I brought an 80L compressor fridge that draws 5w, hence the reason for the dual battery setup, (cheapie off ebay, will have to suck it and see how she goes).
I brought a Redarc SmartStart microprocessor-controlled battery isolator, also a flea bay special less than $100 delivered to the door.
I have decided to by an AGM battery, Fullriver brand off ebay either 105AH or 120AH model.
It is my understanding putting AGM batteries under the car bonnet is fine as far as safety goes, but AGMs batteries should be kept away from the extreme temperatures of turbochargers, and if they must be placed close to the turbocharger then heat shields should be used.
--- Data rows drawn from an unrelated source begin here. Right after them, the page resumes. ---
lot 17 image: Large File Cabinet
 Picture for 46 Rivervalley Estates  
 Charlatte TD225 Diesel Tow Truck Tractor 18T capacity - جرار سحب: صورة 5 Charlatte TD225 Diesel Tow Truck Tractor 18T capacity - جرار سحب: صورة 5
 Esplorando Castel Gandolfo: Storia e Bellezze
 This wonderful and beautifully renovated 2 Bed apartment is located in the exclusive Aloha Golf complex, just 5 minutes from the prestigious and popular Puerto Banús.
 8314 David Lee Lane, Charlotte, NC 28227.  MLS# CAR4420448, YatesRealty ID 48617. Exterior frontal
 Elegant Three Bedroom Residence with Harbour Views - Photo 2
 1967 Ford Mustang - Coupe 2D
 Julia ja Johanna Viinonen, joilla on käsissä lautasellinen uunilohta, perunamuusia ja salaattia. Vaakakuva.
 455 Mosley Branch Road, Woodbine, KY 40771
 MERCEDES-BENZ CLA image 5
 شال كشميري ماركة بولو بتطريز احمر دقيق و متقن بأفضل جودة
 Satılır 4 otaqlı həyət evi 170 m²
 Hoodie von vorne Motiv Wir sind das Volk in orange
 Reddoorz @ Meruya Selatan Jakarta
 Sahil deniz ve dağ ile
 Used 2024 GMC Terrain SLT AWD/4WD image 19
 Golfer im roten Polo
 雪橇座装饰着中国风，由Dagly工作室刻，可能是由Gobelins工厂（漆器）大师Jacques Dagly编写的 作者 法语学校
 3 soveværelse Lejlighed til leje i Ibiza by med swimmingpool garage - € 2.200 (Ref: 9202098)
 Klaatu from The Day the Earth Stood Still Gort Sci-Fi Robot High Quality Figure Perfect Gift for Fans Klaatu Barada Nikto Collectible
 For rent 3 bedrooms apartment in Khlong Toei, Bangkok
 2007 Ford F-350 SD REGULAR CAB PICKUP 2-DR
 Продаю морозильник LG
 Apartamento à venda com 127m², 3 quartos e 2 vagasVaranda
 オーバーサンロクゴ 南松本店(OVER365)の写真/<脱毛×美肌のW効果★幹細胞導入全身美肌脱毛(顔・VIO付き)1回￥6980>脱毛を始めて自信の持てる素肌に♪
Battery brackets for the 2.8 TD GQ I have seen are on the passenger side next the firewall and the turbo. I am therefore considering mounting the battery in the rear of the cab.
It is easier to be able to remove the fridge and battery if I decide to leave it at the campsite whilst camping this way. The run between the fridge and the Auxiliary battery will be nice and short.
I do not plan to setup my wiring so I can crank off my auxiliary battery. Worst case scenario is I can lump the auxiliary battery around to the engine bay and use jumper leads.
Here is some info sourced from the internet and my thoughts/questions

WIRING SETUP- Ground
Some wiring diagrams suggest that you should use the chassis to earth the auxiliary battery. Cant think of a bigger ground cable than the chassis.
http://www.fridge-and-solar.net/dual_bat.htm
However the above link suggests running a ground cable back to the spare battery, just in case there is a point of resistance in the chassis somewhere along the line.
http://redarc.com.au/knowledge-base/tech-tips/better-parallel-charging
Redarc suggests that it may be advisable ground the auxiliary battery in the back of cab to the chassis, then to run the ground back to the cranking battery to ensure that auxiliary gets a full charge, and the path of less resistance is not to the cranking battery. Note this is not there typical wiring diagram.
WIRING SETUP- Positive
The positive cable joining the cranking battery and auxiliary battery should also be protected against short circuit, at both batteries. This is a no brainer. fridge-and-solar.net suggests the most economical way to protect the cable is with Mega fuses of 100A at both batteries. Other sources indicate auto reset breaker is the way to go, 50amp auto breakers can be picked on ebay for as little $8.00. They have some 100amp circuit breakers too but not auto breakers.

CABLE SIZE
Dont be fooled by amp ratings on cables, max rated cable is a safety spec, you need to work out the
In theory one should be working on the calculated voltage drop. The formula is sourced from here:
http://redarc.com.au/knowledge-base/how-to.../calculate-voltage-drop
Volts drop= (Length x Current x 0.017) / Area
Length= Total Length of wire in metres (including any earth return wire).
Current= Current (amps) through wire.
Area= Cross sectional area of copper in square millimetres.

Notes:
This formula only applies to copper at 25C, voltage drop increases with wire temperature, at approx 0.4% per C.
0.017- This figure only applies to copper.
Area is in square millimetres of copper, there can be confusion on how cable size is rated, with some manufacturers stating wire diameter rather than area, some even including the insulation.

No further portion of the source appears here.